Task prompt: Quote exactly the lines from the start of the entries to the one with "Dainty Gold Dragonfly", both ends included.
·····
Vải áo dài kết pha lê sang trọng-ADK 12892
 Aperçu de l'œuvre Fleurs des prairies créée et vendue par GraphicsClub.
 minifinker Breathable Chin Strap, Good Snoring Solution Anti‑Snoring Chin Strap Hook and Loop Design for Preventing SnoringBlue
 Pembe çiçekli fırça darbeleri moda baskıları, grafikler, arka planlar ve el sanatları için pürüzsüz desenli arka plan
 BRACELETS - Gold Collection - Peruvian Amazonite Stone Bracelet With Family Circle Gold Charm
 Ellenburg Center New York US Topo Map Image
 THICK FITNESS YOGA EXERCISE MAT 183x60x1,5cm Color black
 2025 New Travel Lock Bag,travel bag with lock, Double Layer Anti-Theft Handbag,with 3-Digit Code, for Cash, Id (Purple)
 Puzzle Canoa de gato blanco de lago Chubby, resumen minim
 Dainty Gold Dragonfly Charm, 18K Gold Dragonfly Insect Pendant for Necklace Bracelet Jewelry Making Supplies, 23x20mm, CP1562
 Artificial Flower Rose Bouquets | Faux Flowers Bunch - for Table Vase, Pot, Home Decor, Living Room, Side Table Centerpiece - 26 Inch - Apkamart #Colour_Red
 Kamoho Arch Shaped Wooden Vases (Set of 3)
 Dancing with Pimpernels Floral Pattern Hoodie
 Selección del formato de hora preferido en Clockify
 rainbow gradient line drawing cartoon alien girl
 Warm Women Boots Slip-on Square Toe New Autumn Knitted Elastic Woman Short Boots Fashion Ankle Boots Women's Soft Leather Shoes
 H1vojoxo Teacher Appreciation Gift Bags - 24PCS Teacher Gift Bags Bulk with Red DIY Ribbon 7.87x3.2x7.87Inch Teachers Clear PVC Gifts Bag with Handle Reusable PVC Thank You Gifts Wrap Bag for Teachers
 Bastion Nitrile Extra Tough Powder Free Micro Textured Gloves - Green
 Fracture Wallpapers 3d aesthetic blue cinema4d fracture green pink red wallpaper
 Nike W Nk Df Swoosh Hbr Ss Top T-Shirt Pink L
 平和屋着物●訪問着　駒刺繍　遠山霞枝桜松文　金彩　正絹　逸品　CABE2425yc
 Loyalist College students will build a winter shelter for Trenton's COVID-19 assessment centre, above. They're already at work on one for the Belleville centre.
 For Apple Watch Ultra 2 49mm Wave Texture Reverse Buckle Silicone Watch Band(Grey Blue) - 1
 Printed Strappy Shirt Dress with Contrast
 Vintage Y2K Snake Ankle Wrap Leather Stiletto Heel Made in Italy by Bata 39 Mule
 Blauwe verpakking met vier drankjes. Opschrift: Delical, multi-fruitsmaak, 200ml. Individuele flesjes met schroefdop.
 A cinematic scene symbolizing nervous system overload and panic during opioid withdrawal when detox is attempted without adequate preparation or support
·····
Task answer:
Vải áo dài kết pha lê sang trọng-ADK 12892
 Aperçu de l'œuvre Fleurs des prairies créée et vendue par GraphicsClub.
 minifinker Breathable Chin Strap, Good Snoring Solution Anti‑Snoring Chin Strap Hook and Loop Design for Preventing SnoringBlue
 Pembe çiçekli fırça darbeleri moda baskıları, grafikler, arka planlar ve el sanatları için pürüzsüz desenli arka plan
 BRACELETS - Gold Collection - Peruvian Amazonite Stone Bracelet With Family Circle Gold Charm
 Ellenburg Center New York US Topo Map Image
 THICK FITNESS YOGA EXERCISE MAT 183x60x1,5cm Color black
 2025 New Travel Lock Bag,travel bag with lock, Double Layer Anti-Theft Handbag,with 3-Digit Code, for Cash, Id (Purple)
 Puzzle Canoa de gato blanco de lago Chubby, resumen minim
 Dainty Gold Dragonfly Charm, 18K Gold Dragonfly Insect Pendant for Necklace Bracelet Jewelry Making Supplies, 23x20mm, CP1562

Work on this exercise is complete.